CUDA, performance evaluation

Hi all,

I did some performances evaluations about sorts and log2 on GPU for my final MSc Thesis. These results help me to see what I can implement in CUDA to improve the performance of my program. I think that It could be useful for some of you so I post my results here :

sorts using a GeForce 8800GTS :

http://www.ab2patrimoine.be/adrien/upload/…/graphsort1.jpg

sorts using a GeForce 8600m GS :

http://www.ab2patrimoine.be/adrien/upload/…/graphsort2.jpg

log2 CPU vs log2 GPU using a GeForce 8800 GTS :

http://www.ab2patrimoine.be/adrien/upload/…s/log2-8800.jpg

log2 CPU vs log2 GPU using a GeForce 8600m GS :

http://www.ab2patrimoine.be/adrien/upload/…ers/log2low.jpg

log2 coalesced memory vs log2 uncoalesced memory :

http://www.ab2patrimoine.be/adrien/upload/…escedmemory.jpg

I don’t understand why the difference between coalesced memory and uncoalesced memory is so small (in GPU Gems 3 and other papers, the difference is impressive)… Does someone have an explication?

The code used to test uncoa. vs coa. :

// Perform log2 operations on a float3 vector

__global__  void d_log2_uncoalesced (float3* d_data)

{

	uint i = blockDim.x * blockIdx.x + threadIdx.x;

	float3 data = d_data[i];

	data.x = log2f(data.x);

	data.y = log2f(data.y);

	data.z = log2f(data.z);

	d_data[i] = data;  

}

__global__  void d_log2_coalesced (float* d_data)

{

	

	int index = 3 * blockIdx.x * blockDim.x + threadIdx.x;

	__shared__ float s_data[BLOCK_DIM*3];

	s_data[threadIdx.x]    = d_data[index];

	s_data[threadIdx.x + blockDim.x]  = d_data[index + blockDim.x];

	s_data[threadIdx.x + blockDim.x * 2]  = d_data[index + blockDim.x * 2];

	__syncthreads();

	float3 data = ((float3*)s_data)[threadIdx.x];

	data.x = log2f(data.x);

	data.y = log2f(data.y);

	data.z = log2f(data.z);

	((float3*)s_data)[threadIdx.x] = data;  

	__syncthreads();

	d_data[index]          	= s_data[threadIdx.x];

	d_data[index + blockDim.x]  	= s_data[threadIdx.x + blockDim.x];

	d_data[index + blockDim.x * 2]  = s_data[threadIdx.x + blockDim.x * 2];

}

The coalesced version seems to be optimal…
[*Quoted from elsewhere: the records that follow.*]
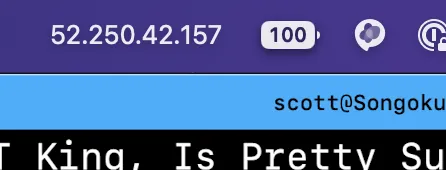 The IP address in my menu bar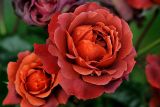 May Flower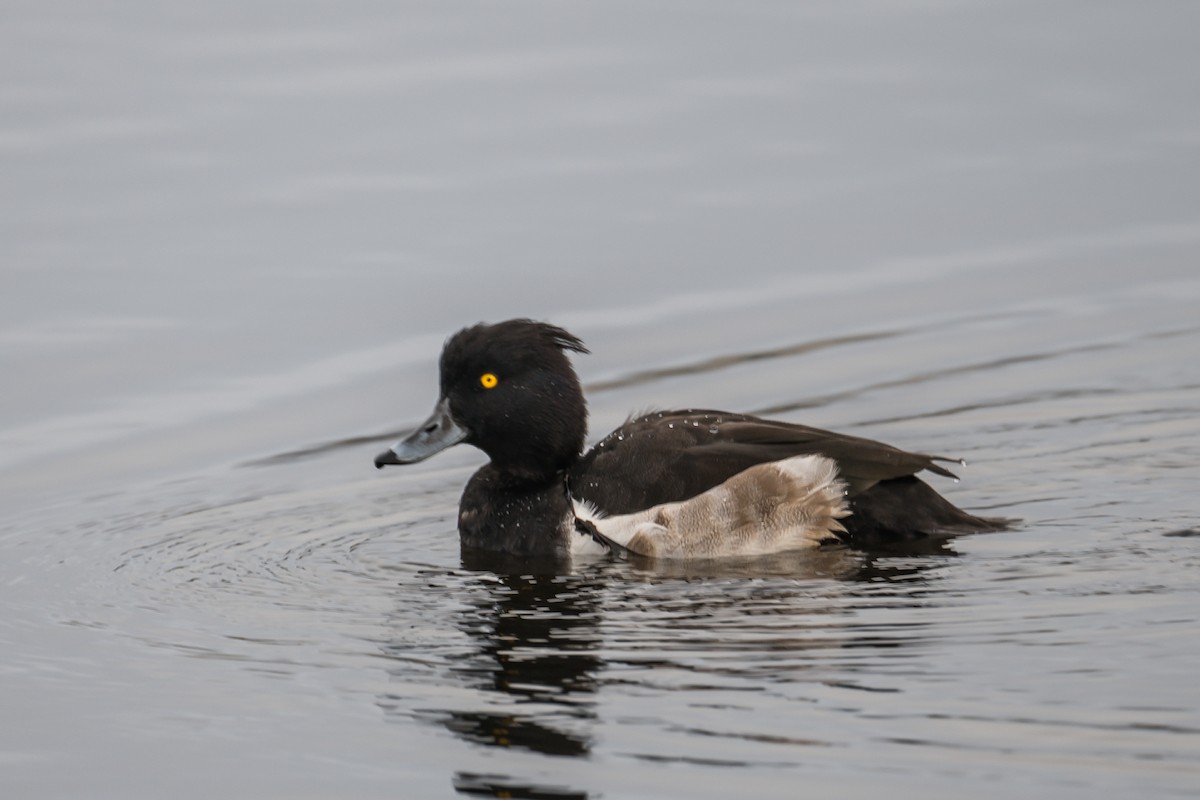 Tufted Duck - Frank King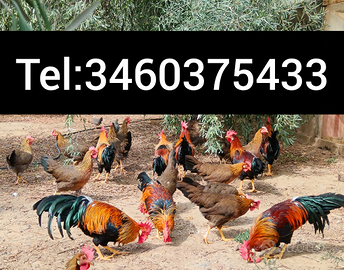 Galli Livornesi collo oro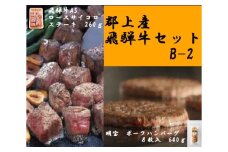 【B-89】郡上産飛騨牛セットB-2［A5等級］ロースサイコロステーキ260gと明宝ポークハンバーグ8枚
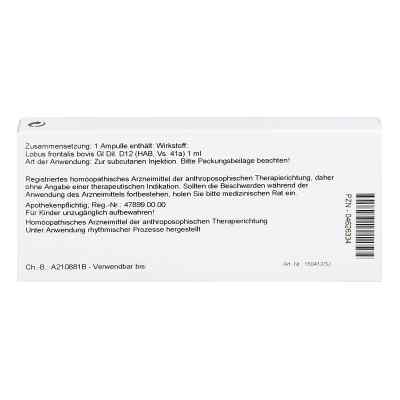 Lobus Frontalis Gl D12 Ampullen bei apo-discounter.de bestellen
That very much depends on your constraints (I would guess for some reason you absolutely want to work on float3 because what you actually want to do is not independant for x, y and z), but generally

__global__  void d_log2_coalesced (float* d_data)

{

int index = blockIdx.x * blockDim.x + threadIdx.x;

d_data[index] = log2f(d_data[index]);

}

should be far better and has the same result (of course you must adjust the grid dimension).

Yes you are right but the code was written to compare coalesced vs uncoalesced mode … That’s why I took elements 3 by 3 (12 bytes) instead of 4, 8 or 16 bytes.

To have the best function I would have implemented :

__global__ void d_log2 (float* d_data, uint nbElemLign)

{

        	uint i = blockDim.x * blockIdx.x + threadIdx.x;

        

        	if(i < nbElemLign)

        	{

                  float4 data = ((float4*)d_data)[i];

                	

                        	data.x = log2f(data.x);

                        	data.y = log2f(data.y);

                        	data.z = log2f(data.z);

                        	data.w = log2f(data.w);

                

                  ((float4*)d_data)[i] = data;

        	}

}

Which is, in my point of view, the fastest solution to apply the log2 function in a vector.

Except that float4 reads (even coalesced ones) are slow on compute 1.0 hardware…